La période de « soudure » est traditionnellement marquée par l'exode de bras valides et souvent des familles entières vers les gros centres urbains de la région, voire au-delà des frontières régionales ou même nationales. Les principales destinations sont : Maradi, Agadez, le Nigeria et la Libye. La pratique du petit commerce dans les pays frontaliers permet de constituer des revenus complémentaires 25 ( * ) permettant de faire face à la période de « soudure ». Si aucun chiffre n'a pu être établi, le déficit de population constaté à l'occasion des distributions gratuites de vivres du PAM (17 %) par rapport aux évaluations est sans doute lié à des migrations exceptionnelles, au Nigéria notamment, en 2005.
Les habitants des zones rurales pratiquent également la vente de bois, du fourrage, des sous-produits agricoles et des produits de cueillette (balanites, gomme arabique, kagna etc...). Ils récoltent et consomment des aliments de pénurie (son de céréales, farine de manioc, feuilles et fruits de certains arbres sauvages, etc...) leur permettant de subsister. Ces récoltes ont également été importantes en 2005.
Les habitants des zones rurales mobilisent enfin, et surtout, leur épargne, investie dans leur cheptel, en vendant des animaux de tous âges (petits ruminants essentiellement) pour s'approvisionner en vivres. En 2005, malheureusement, alors que le prix des céréales a atteint des niveaux record, la valeur des petits ruminants a beaucoup baissé. Ainsi, dans la région de Tahoua, la valeur d'un bélier est passée de plus d'un sac de mil à moins d'un demi sac. Dans les zones très éloignées des grands centres (Goudoumaria/ Maïné Soroa) et très enclavées (Kriguim/Gouré et Issari/Diffa), les prix relevés pour les petits ruminants moyens sont respectivement, pour ces trois zones, de 2.700 francs CFA, 3.000 francs CFA et 2.350 francs CFA pour le cabri et de 11.500 francs CFA, 7.500 francs CFA et 5.800 francs CFA pour le mouton.
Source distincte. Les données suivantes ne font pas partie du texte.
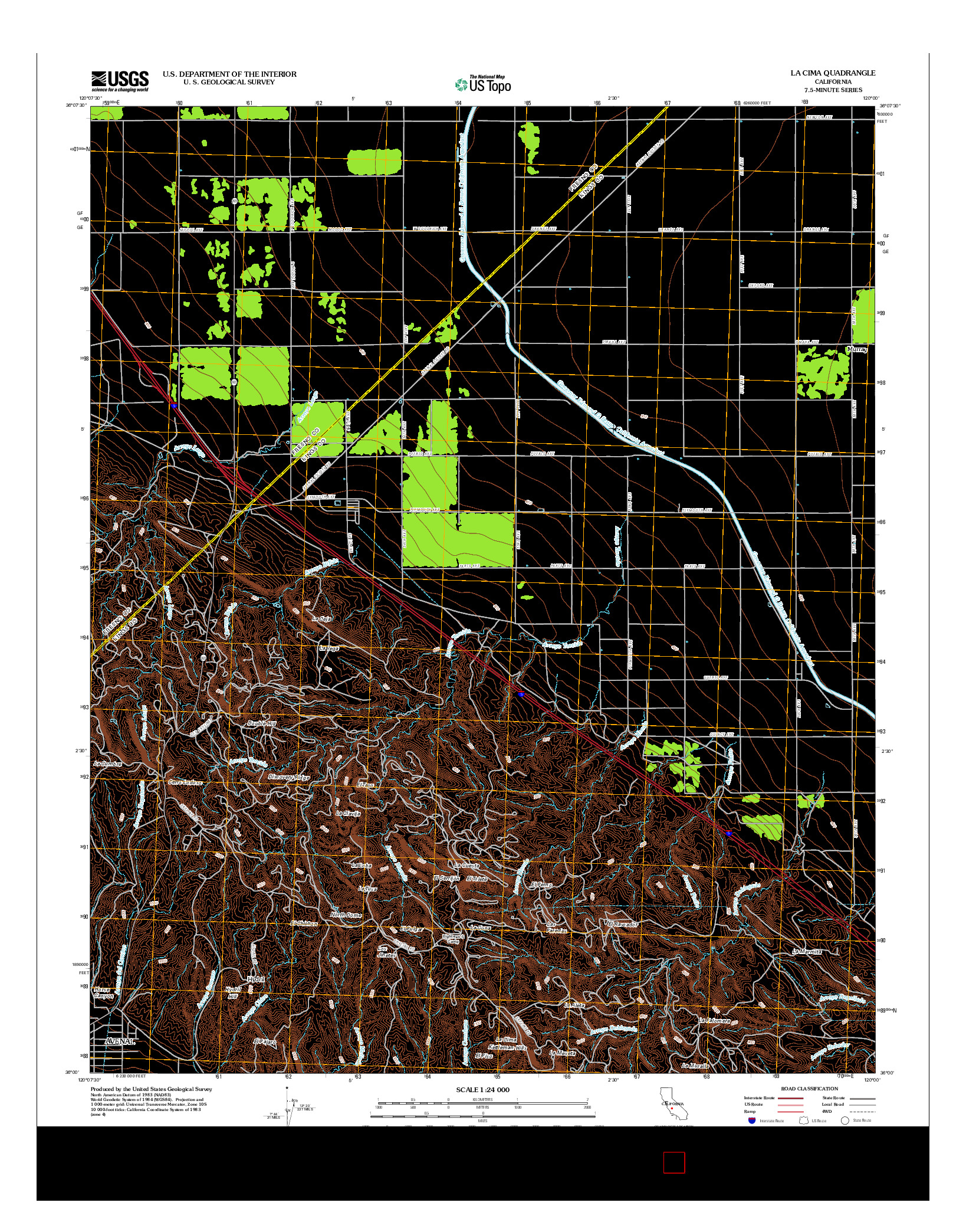 USGS US TOPO 7.5-MINUTE MAP FOR LA CIMA, CA 2012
Compte tenu des prix pratiqués en août 2005 sur ces marchés locaux, il fallait vendre un troupeau de 13 cabris, ou six moutons moyens, pour acheter un sac de mil de 100 kilos au marché de Issari, 13 cabris, ou 5 moutons moyens au marché de Kriguim et 11 cabris ou 3 moutons moyens au marché de Goudoumaria. Sur ce dernier marché, même la vente d'un taurillon ne permettait pas d'acheter 2 sacs de mil, traduisant la dégradation, en termes relatifs, des conditions de vie des éleveurs, et notamment des nomades qui se consacrent exclusivement à l'élevage.
Toutes ces difficultés ont rendu dans certains cas nécessaires, des emprunts, la vente sur pied des récoltes de certains ménages, voire parfois même la mise en gage ou la vente de leurs champs. Les difficultés de l'année 2005 sont constitutives pour le Niger tout autant d'une crise alimentaire que d'une crise sociale.
* 25 Il y a également une aide déterminante des nigériens de l'extérieur.